:: DATA RECORDS ::
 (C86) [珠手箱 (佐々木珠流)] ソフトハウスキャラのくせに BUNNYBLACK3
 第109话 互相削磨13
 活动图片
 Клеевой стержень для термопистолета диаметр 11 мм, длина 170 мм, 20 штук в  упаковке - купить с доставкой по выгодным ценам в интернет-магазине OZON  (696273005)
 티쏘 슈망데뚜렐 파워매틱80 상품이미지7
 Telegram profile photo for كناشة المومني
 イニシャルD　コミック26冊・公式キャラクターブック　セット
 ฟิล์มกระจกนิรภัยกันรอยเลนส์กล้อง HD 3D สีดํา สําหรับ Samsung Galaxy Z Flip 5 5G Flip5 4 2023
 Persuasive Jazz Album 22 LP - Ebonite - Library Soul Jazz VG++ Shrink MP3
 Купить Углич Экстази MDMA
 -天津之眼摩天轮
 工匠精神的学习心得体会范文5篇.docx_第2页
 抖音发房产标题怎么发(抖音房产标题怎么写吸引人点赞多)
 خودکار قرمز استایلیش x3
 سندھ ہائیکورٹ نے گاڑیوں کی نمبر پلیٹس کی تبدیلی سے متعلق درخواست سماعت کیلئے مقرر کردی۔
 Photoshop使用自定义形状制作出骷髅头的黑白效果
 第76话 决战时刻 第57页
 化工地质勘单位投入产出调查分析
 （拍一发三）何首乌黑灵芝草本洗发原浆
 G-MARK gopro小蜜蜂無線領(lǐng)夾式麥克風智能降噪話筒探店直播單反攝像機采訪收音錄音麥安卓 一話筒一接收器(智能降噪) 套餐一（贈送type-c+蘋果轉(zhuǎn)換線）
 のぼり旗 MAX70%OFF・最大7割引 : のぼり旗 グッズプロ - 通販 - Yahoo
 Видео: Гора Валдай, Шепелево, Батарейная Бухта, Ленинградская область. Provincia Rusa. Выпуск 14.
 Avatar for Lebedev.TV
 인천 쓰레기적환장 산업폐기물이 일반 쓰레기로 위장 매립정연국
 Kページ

:: ABOUT THIS EXERCISE ::
Each entry above is to be repeated exactly as it appears.

:: ANSWER BOX ::
 (C86) [珠手箱 (佐々木珠流)] ソフトハウスキャラのくせに BUNNYBLACK3
 第109话 互相削磨13
 活动图片
 Клеевой стержень для термопистолета диаметр 11 мм, длина 170 мм, 20 штук в  упаковке - купить с доставкой по выгодным ценам в интернет-магазине OZON  (696273005)
 티쏘 슈망데뚜렐 파워매틱80 상품이미지7
 Telegram profile photo for كناشة المومني
 イニシャルD　コミック26冊・公式キャラクターブック　セット
 ฟิล์มกระจกนิรภัยกันรอยเลนส์กล้อง HD 3D สีดํา สําหรับ Samsung Galaxy Z Flip 5 5G Flip5 4 2023
 Persuasive Jazz Album 22 LP - Ebonite - Library Soul Jazz VG++ Shrink MP3
 Купить Углич Экстази MDMA
 -天津之眼摩天轮
 工匠精神的学习心得体会范文5篇.docx_第2页
 抖音发房产标题怎么发(抖音房产标题怎么写吸引人点赞多)
 خودکار قرمز استایلیش x3
 سندھ ہائیکورٹ نے گاڑیوں کی نمبر پلیٹس کی تبدیلی سے متعلق درخواست سماعت کیلئے مقرر کردی۔
 Photoshop使用自定义形状制作出骷髅头的黑白效果
 第76话 决战时刻 第57页
 化工地质勘单位投入产出调查分析
 （拍一发三）何首乌黑灵芝草本洗发原浆
 G-MARK gopro小蜜蜂無線領(lǐng)夾式麥克風智能降噪話筒探店直播單反攝像機采訪收音錄音麥安卓 一話筒一接收器(智能降噪) 套餐一（贈送type-c+蘋果轉(zhuǎn)換線）
 のぼり旗 MAX70%OFF・最大7割引 : のぼり旗 グッズプロ - 通販 - Yahoo
 Видео: Гора Валдай, Шепелево, Батарейная Бухта, Ленинградская область. Provincia Rusa. Выпуск 14.
 Avatar for Lebedev.TV
 인천 쓰레기적환장 산업폐기물이 일반 쓰레기로 위장 매립정연국
 Kページ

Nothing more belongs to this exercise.